Norway’s largest pension fund, KLP, excludes British security company G4S from investments due to risk of human rights violations.
– G4S operates in countries such as Qatar and United Arab Emirates where there is a risk of violating renown norms from the international labour organization ILO, says Jeanett Bergan, head of responsible investments at KLP.
She elaborates that there is a common practice in these countries that force migrant workers to take up loans to pay fees in order to get to their jobs. Because of these unfair loans, migrant workers have less room to challenge terms of employment they did not expect when they signed on.
Migrant workers in these countries are usually tied to contracts for two years or more. Regulations in Qatar and UAE makes it possible for migrant workers to terminate their work contract, but does not allow them to change their employer.
– G4S does not accept that migrant workers can change employer during their contract period.
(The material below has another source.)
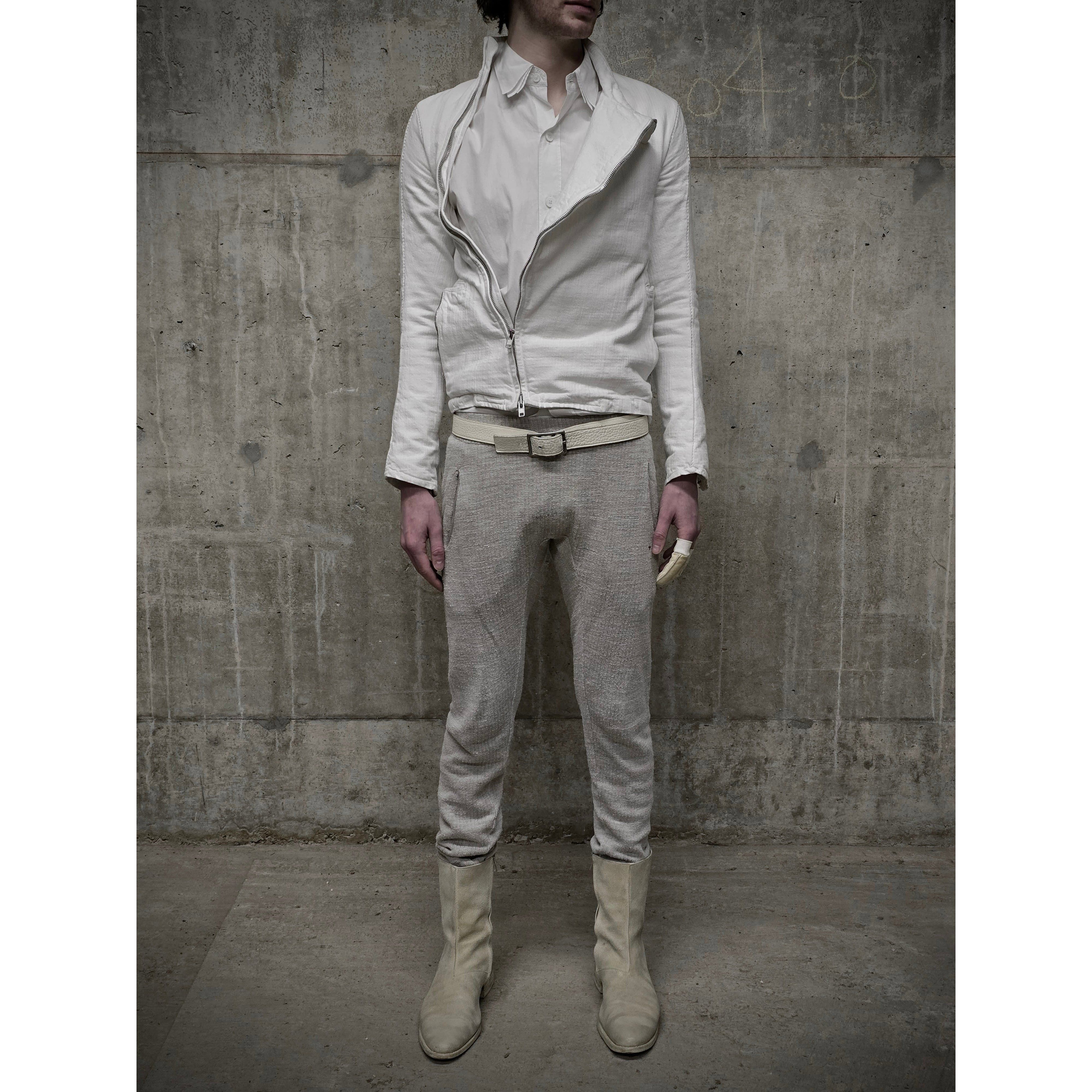 Ma+ m.a+ by Maurizio Amadei 24 P1121EE Fitted Linen Knit Pants Size US 28 / EU 44 - 2 Thumbnail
This limits their freedom, says Bergan.
KLP’s decision follows Norway’s Council of Ethics’ recommendation which recently led to Norway’s trillion dollar sovereign wealth fund to exclude G4S. KLP usually follows the Council of Ethics, but always makes their own assessments.
– The Council of Ethics’ recommendation is well grounded, therefore KLP don’t see any reason not to follow it, says Bergan.
As a result of KLP’s decision, KLP has sold securities in G4S valued at 31,4 million Norwegian kroner.